RECORDS TO USE:
------------------------------------------------------------------------
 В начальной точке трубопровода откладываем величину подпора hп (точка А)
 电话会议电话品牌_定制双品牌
------------------------------------------------------------------------
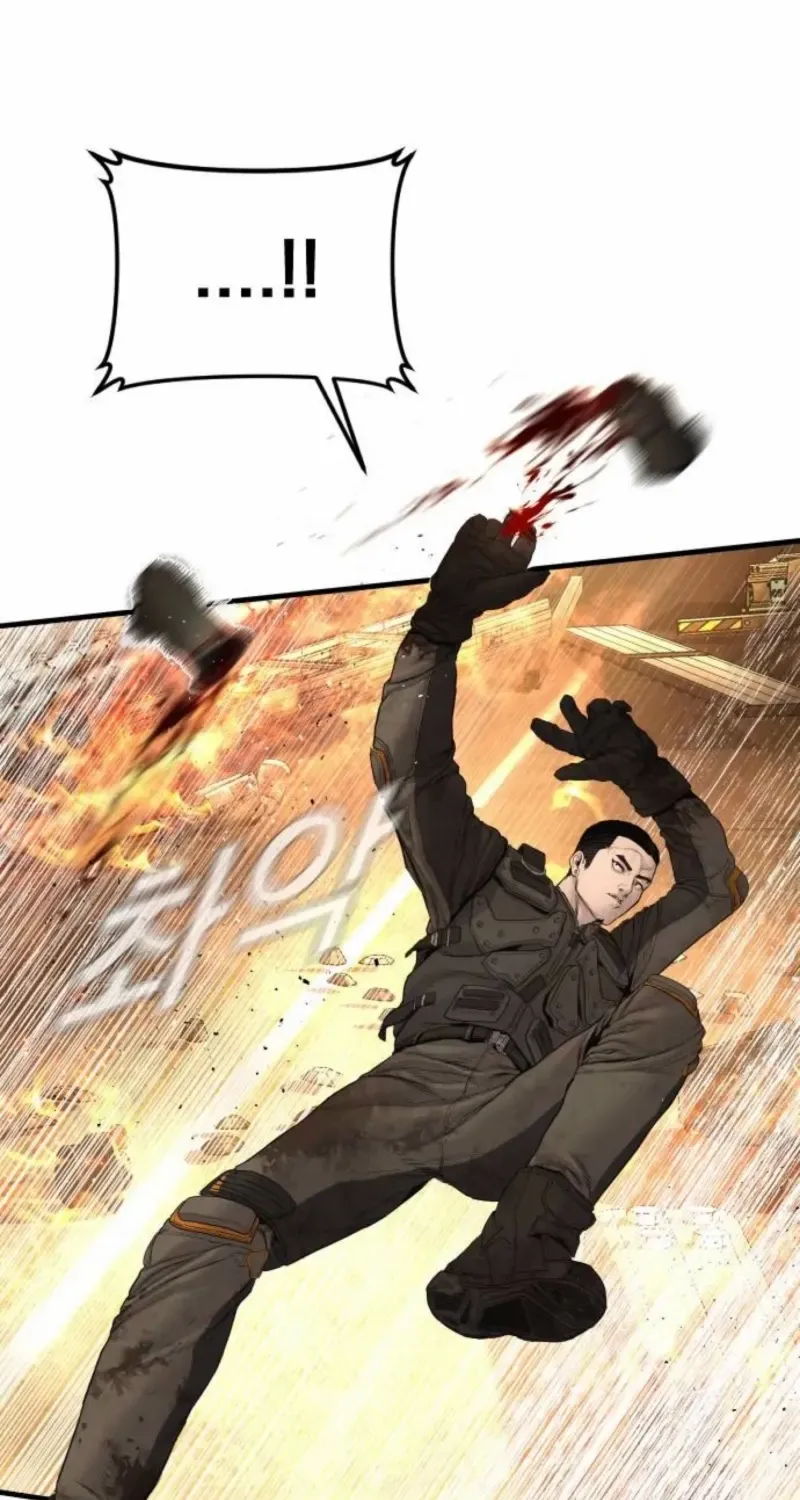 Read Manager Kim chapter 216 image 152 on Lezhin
------------------------------------------------------------------------
DESCRIPTION OF THE TASK: From the listing above, return the lines starting at the one with "В начальной точке" and ending at the one with "电话会议电话品牌_定制双品牌", both kept, exactly as they appear and nothing more.

ANSWER SPACE:
 В начальной точке трубопровода откладываем величину подпора hп (точка А)
 电话会议电话品牌_定制双品牌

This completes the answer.